WHAT THIS TASK INVOLVES -> Please copy exactly the line containing "Satılır 2 otaqlı" and every line after it, through the last line of the records below, leaving out all pictures.

RECORD EXCERPTS ->
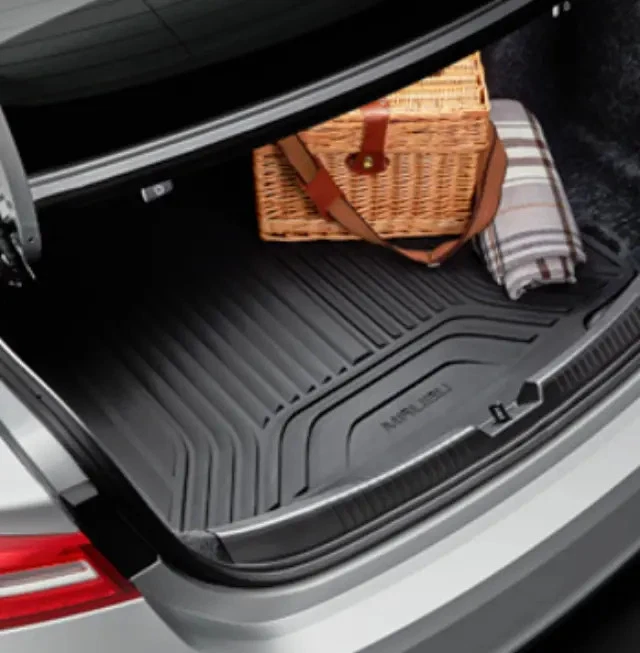 Genuine GM 2016-2024 Malibu Cargo Area Mat, Premium All Weather 84034179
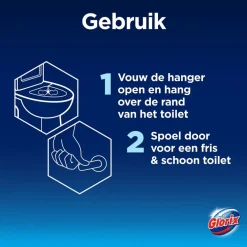 Glorix Rainbow Power Toiletblok
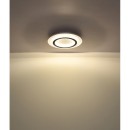 Globo JAYDEN 48042-24W LED mennyezetre szerelhető lámpa | 24W LED | 920lm | 3000+4000+6500K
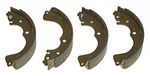 BREMBO S 49 525 remschoenen en remaccessoires, set van 4 stuks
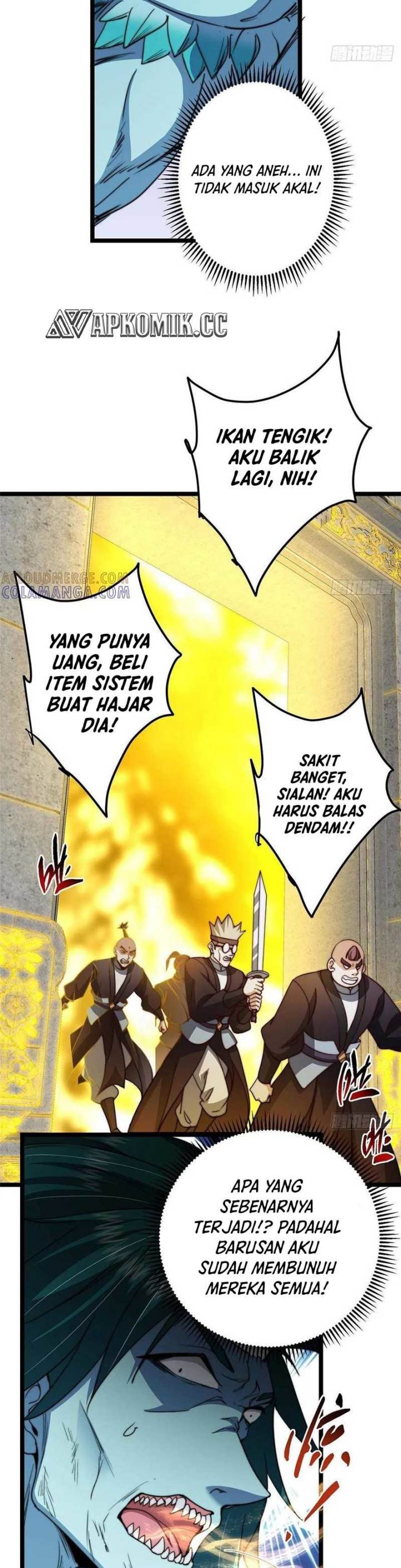 Keep A Low Profile, Sect Leader Chap 529 - Next Chap 530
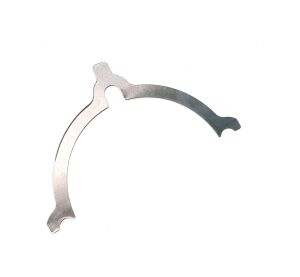 DRIVEN BEVEL GEAR SHIMS（0.2）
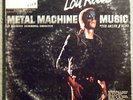 LOU REED Metal Machine Music  orig 1975 double lp RCA tan label noise punk prog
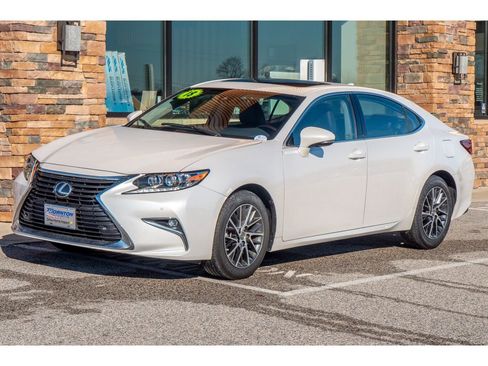 Used 2018 Lexus ES 350 image 6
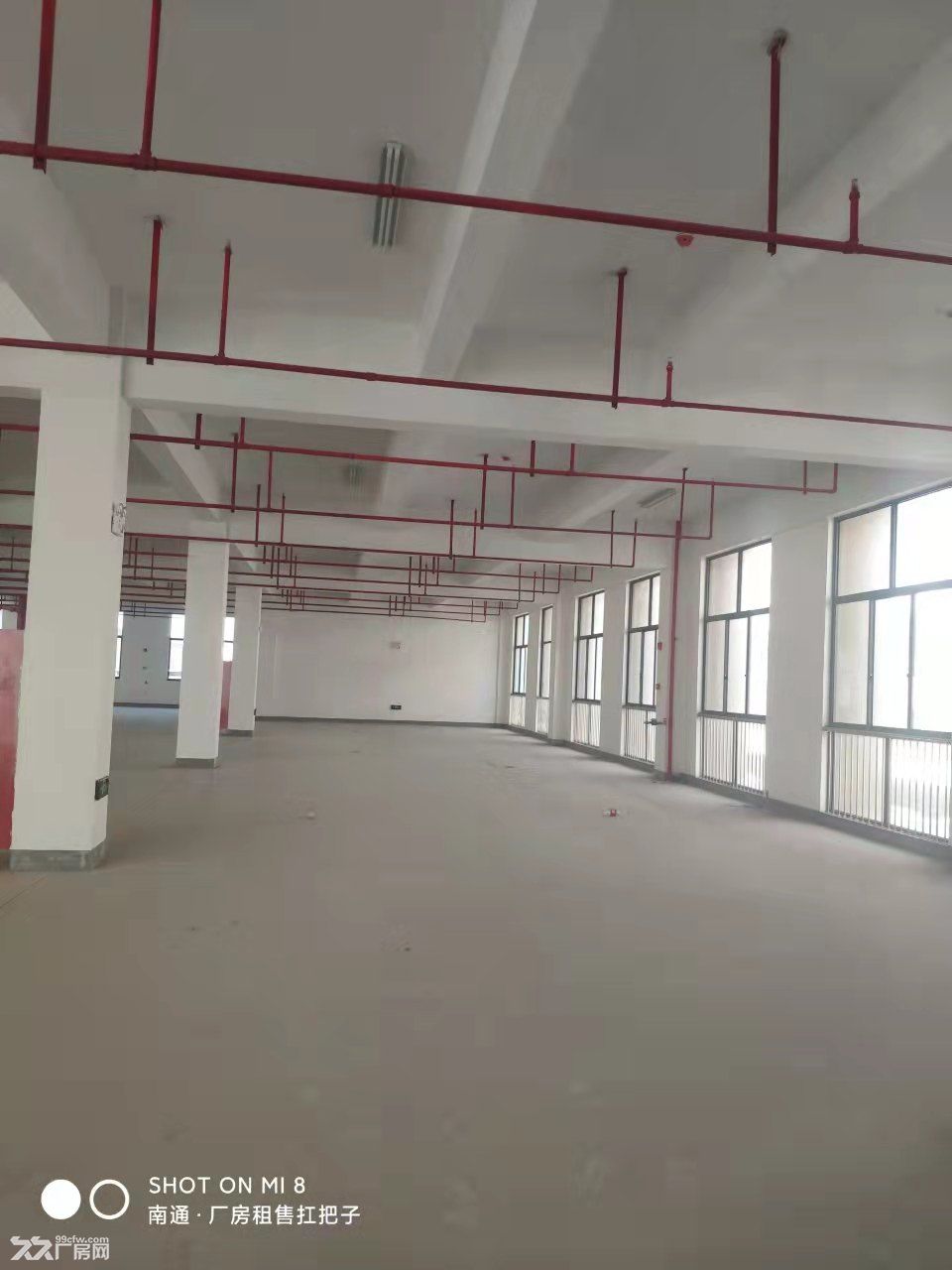 港閘永興二手車市場3200平底樓倉庫,層高7米場地超大-圖(1)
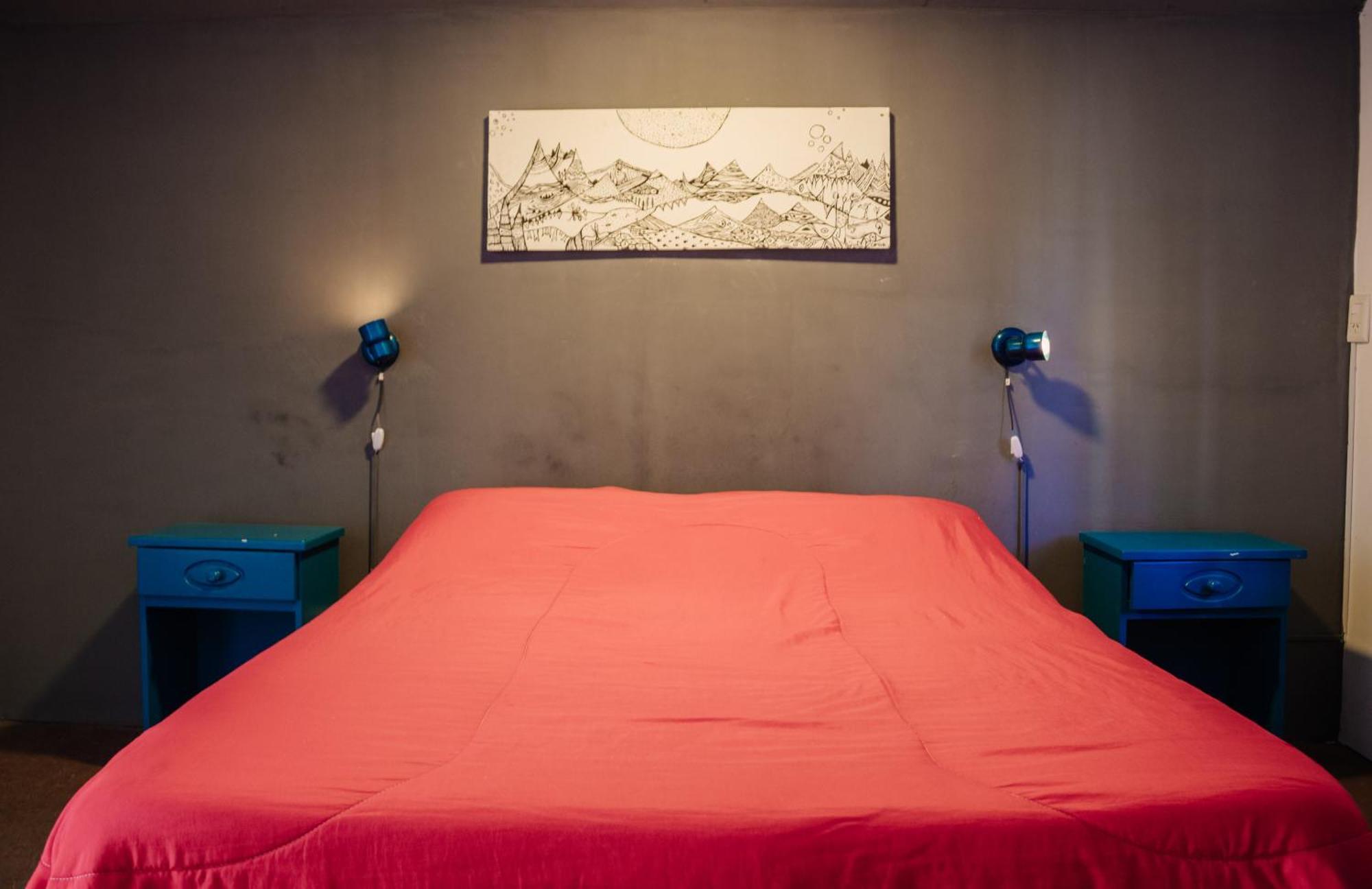 Alhue Patagonia Hostel San Martín de los Andes المظهر الخارجي الصورة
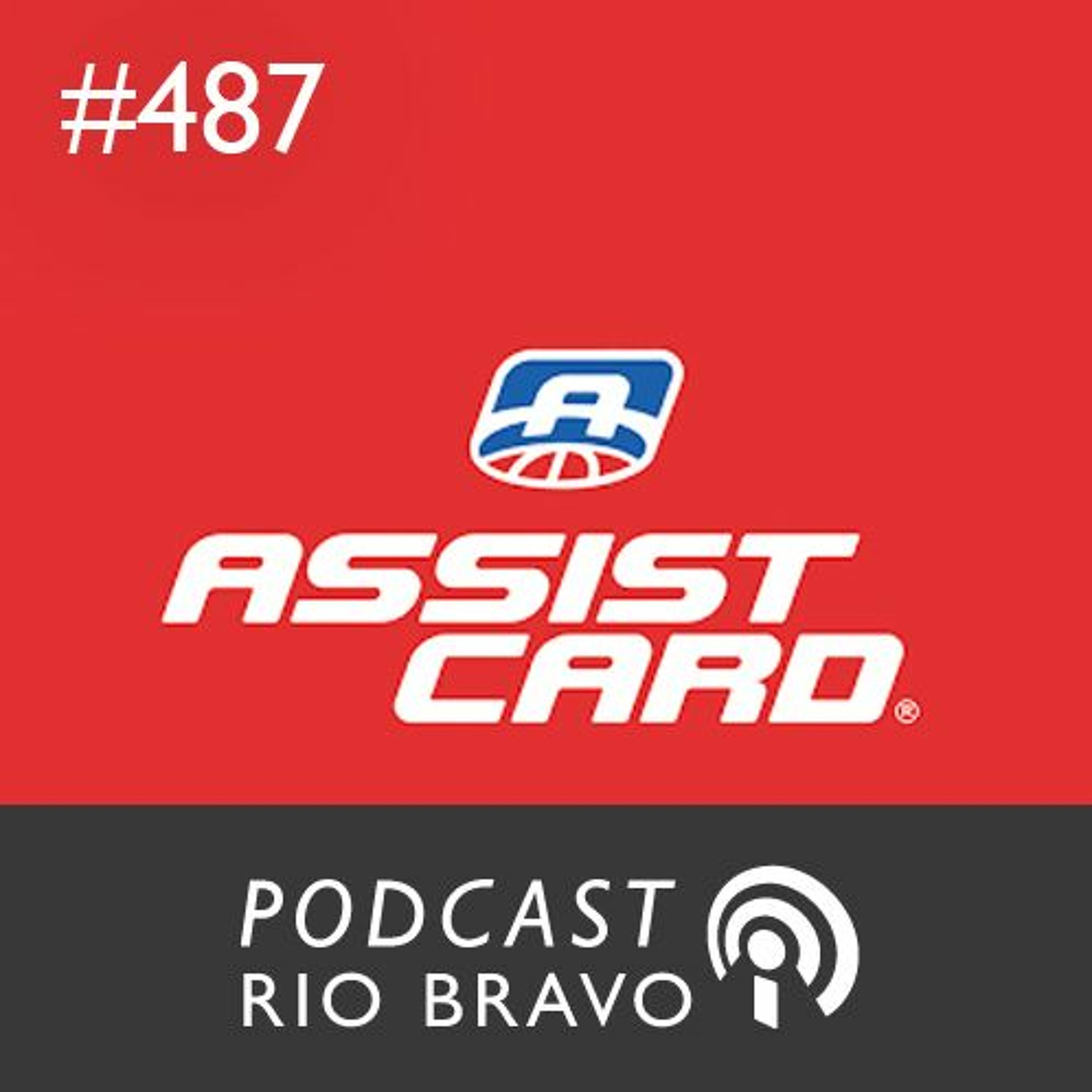Podcast 487 – Alexandre Camargo – A performance da Assist Card e as vantagens do câmbio estável episode artwork
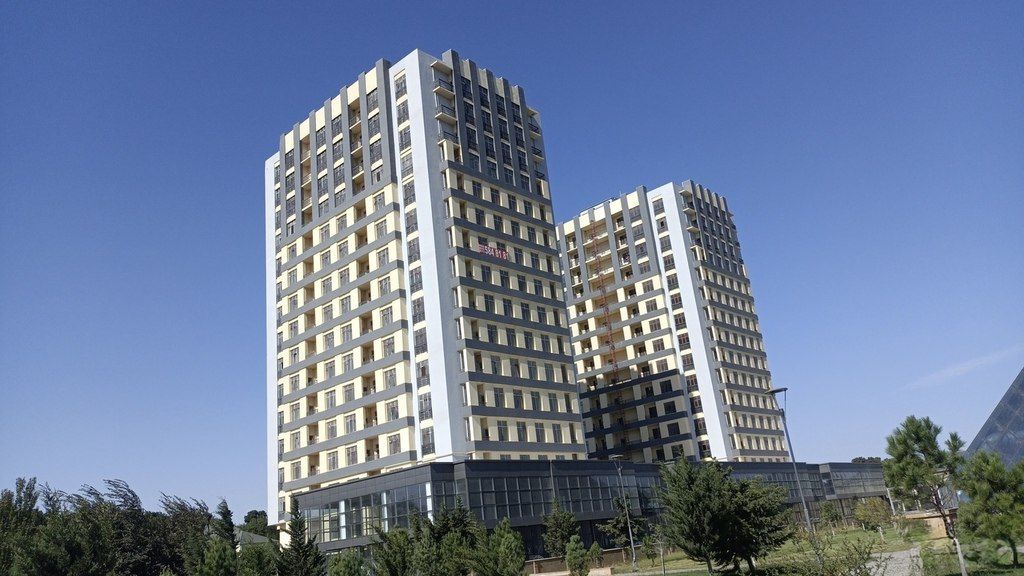 Satılır 2 otaqlı yeni tikili 71 m² — Mənzil, Bakı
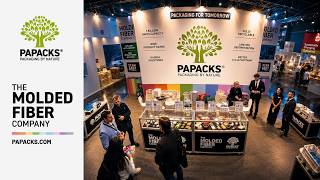 PAPACKS @ Fachpack 2025 - 𝗥𝗲𝗰𝗮𝗽 #papacks #fachpack #verpackung #packaging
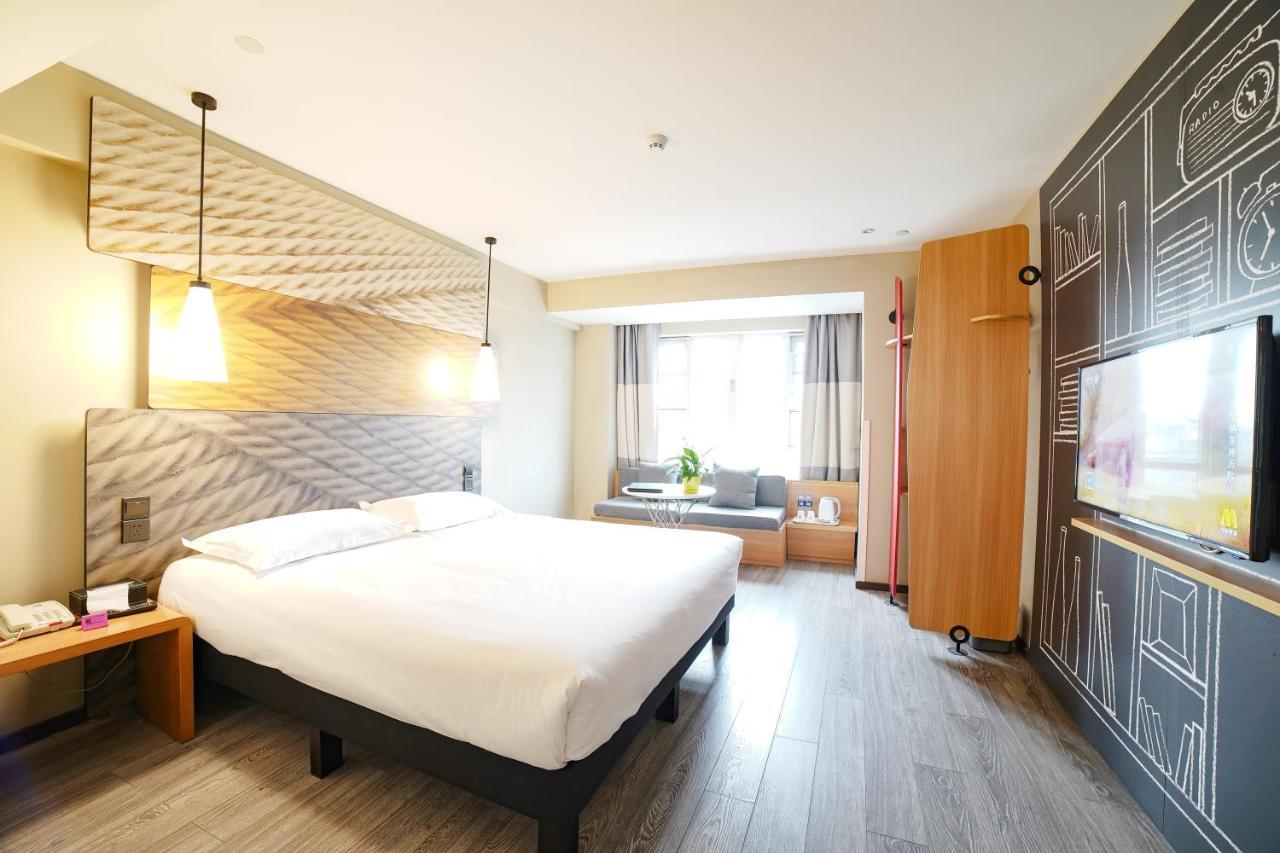 Ibis Chengdu West Jingcui Road Hotel Ngoại thất bức ảnh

TASK OUTPUT ->
 Satılır 2 otaqlı yeni tikili 71 m² — Mənzil, Bakı
 PAPACKS @ Fachpack 2025 - 𝗥𝗲𝗰𝗮𝗽 #papacks #fachpack #verpackung #packaging
 Ibis Chengdu West Jingcui Road Hotel Ngoại thất bức ảnh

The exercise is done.